All of the data must be written out verbatim, with pictures excluded.

### Data shown
#####

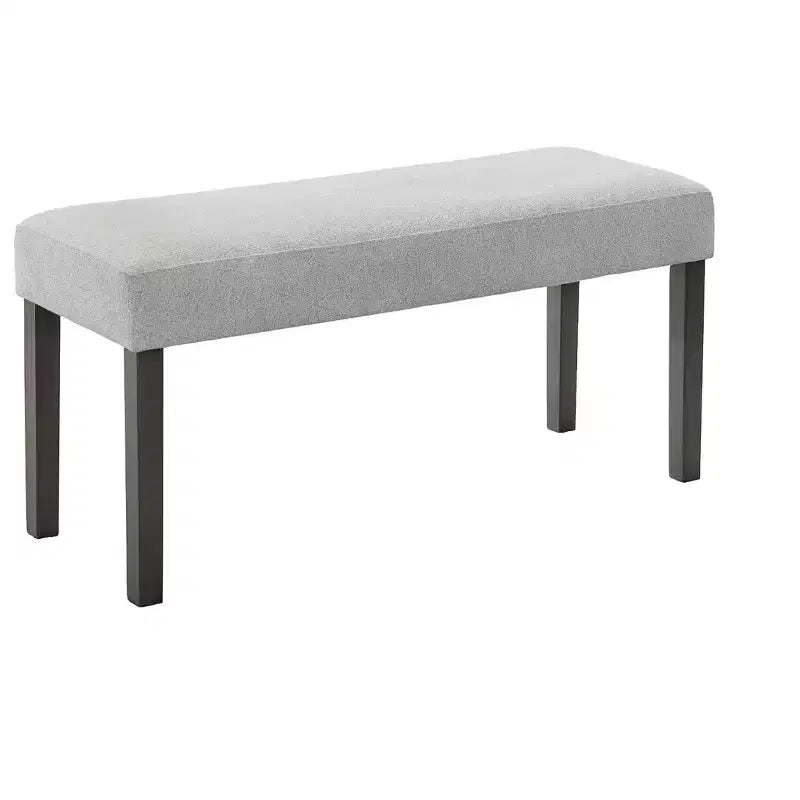TUYOHW 40 Banc moderne avec banc à chaussures rembourré pour entrée avec cadre en bois Chaises de salle à manger Banc polyvalent pour pied de lit pour salon, chambre à coucher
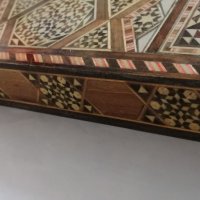 Стара дървена кутия за Шах и Табла , снимка 2 - Други ценни предмети - 40429481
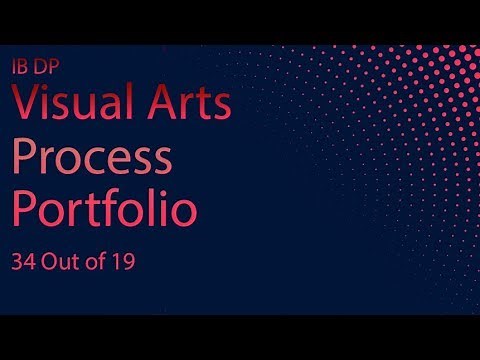 IB Visual Arts Process Portfolio Example (19/34 Points)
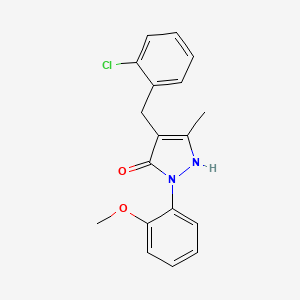 4-(2-chlorobenzyl)-1-(2-methoxyphenyl)-3-methyl-1H-pyrazol-5-ol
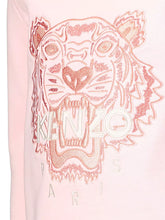 Load image into Gallery viewer, Kenzo Junior Girls Tiger Head Motif Sweatshirt in Baby Pink
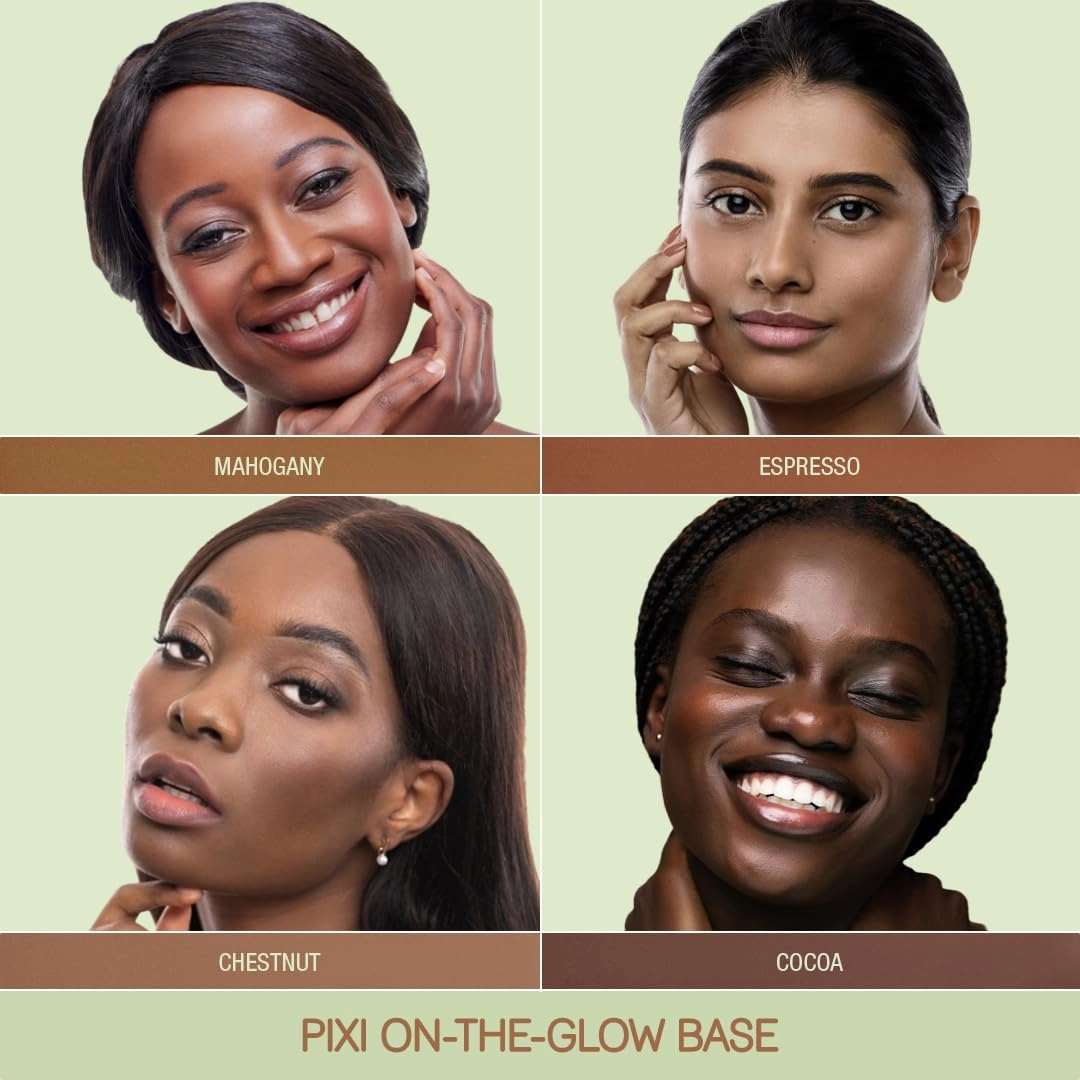 Pixi Beauty On-the-Glow Base| Tinted Moisturizer Foundation Stick | Chestnut: Rich, deep cool shade| 0.6 oz / 19g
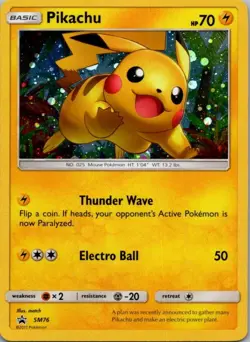 Pikachu SM76 Holo Promo Sun & Moon Promo Pokemon Near Mint - Image 2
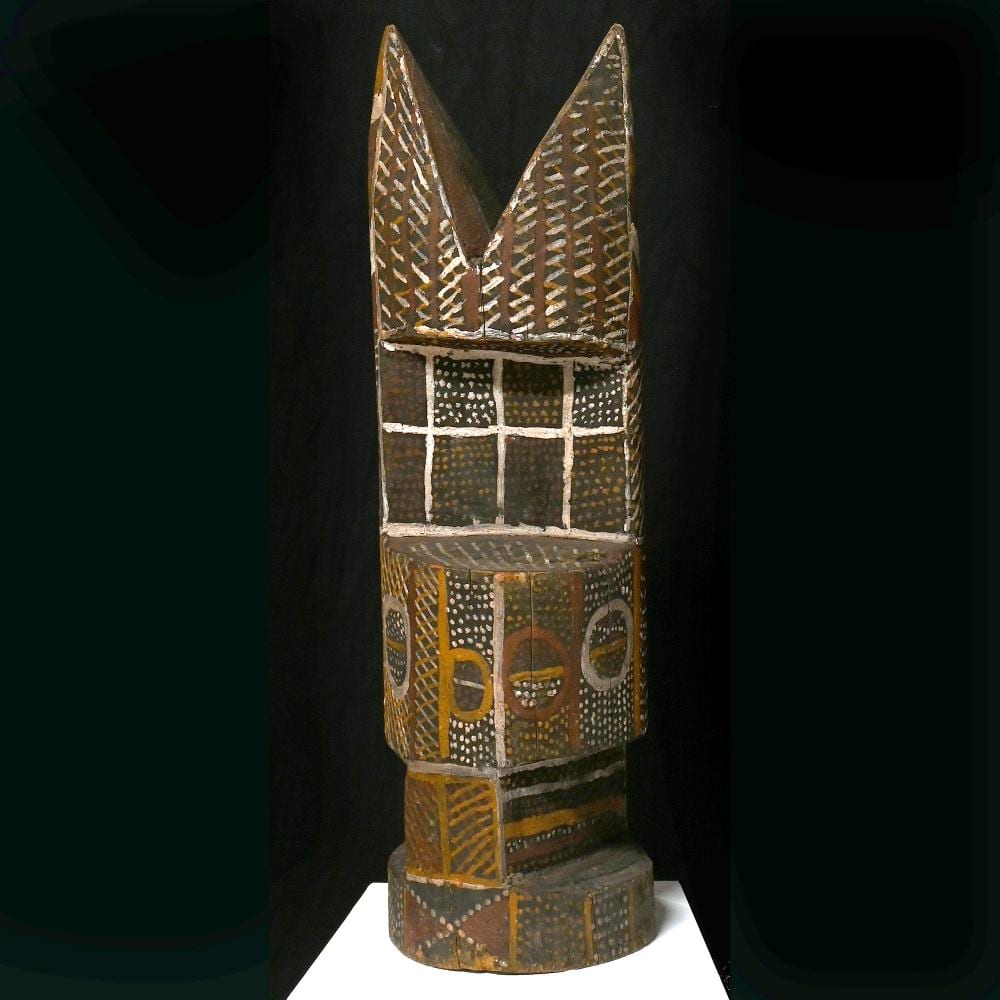Declan Apuatimi comparable auction result: declan apuatimi tiwi spirit carving c 1987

#####

### Exercise answer
TUYOHW 40 Banc moderne avec banc à chaussures rembourré pour entrée avec cadre en bois Chaises de salle à manger Banc polyvalent pour pied de lit pour salon, chambre à coucher
 Стара дървена кутия за Шах и Табла , снимка 2 - Други ценни предмети - 40429481
 IB Visual Arts Process Portfolio Example (19/34 Points)
 4-(2-chlorobenzyl)-1-(2-methoxyphenyl)-3-methyl-1H-pyrazol-5-ol
 Load image into Gallery viewer, Kenzo Junior Girls Tiger Head Motif Sweatshirt in Baby Pink
 Pixi Beauty On-the-Glow Base| Tinted Moisturizer Foundation Stick | Chestnut: Rich, deep cool shade| 0.6 oz / 19g
 Pikachu SM76 Holo Promo Sun & Moon Promo Pokemon Near Mint - Image 2
Declan Apuatimi comparable auction result: declan apuatimi tiwi spirit carving c 1987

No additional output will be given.